__Work instruction__.
Set down exactly the lines of the records from the top to the line containing "Продажа на аукционе"; include both.

(Extracted data entries)
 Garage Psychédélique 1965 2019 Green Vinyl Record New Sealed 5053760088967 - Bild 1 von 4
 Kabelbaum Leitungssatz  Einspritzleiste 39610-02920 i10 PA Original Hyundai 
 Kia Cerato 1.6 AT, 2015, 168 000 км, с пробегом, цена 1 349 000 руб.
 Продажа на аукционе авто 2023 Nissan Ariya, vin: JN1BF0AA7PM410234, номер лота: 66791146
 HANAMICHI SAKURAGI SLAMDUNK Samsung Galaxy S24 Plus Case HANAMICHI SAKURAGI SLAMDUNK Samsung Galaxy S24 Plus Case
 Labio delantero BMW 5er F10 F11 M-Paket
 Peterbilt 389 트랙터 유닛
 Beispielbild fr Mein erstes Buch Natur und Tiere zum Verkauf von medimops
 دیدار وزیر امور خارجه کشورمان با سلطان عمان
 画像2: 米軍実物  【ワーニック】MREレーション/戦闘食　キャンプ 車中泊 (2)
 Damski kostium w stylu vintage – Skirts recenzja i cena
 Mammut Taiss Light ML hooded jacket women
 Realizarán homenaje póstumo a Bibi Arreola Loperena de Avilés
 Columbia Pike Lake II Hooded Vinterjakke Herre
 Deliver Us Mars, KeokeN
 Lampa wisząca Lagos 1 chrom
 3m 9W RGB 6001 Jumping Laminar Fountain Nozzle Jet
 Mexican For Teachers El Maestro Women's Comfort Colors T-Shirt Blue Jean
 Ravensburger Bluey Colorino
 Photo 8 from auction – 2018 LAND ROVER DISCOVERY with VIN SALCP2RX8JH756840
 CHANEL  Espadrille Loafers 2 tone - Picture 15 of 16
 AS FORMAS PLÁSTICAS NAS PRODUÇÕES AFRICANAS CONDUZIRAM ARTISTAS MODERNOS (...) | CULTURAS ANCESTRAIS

__Reply to the task__.
 Garage Psychédélique 1965 2019 Green Vinyl Record New Sealed 5053760088967 - Bild 1 von 4
 Kabelbaum Leitungssatz  Einspritzleiste 39610-02920 i10 PA Original Hyundai 
 Kia Cerato 1.6 AT, 2015, 168 000 км, с пробегом, цена 1 349 000 руб.
 Продажа на аукционе авто 2023 Nissan Ariya, vin: JN1BF0AA7PM410234, номер лота: 66791146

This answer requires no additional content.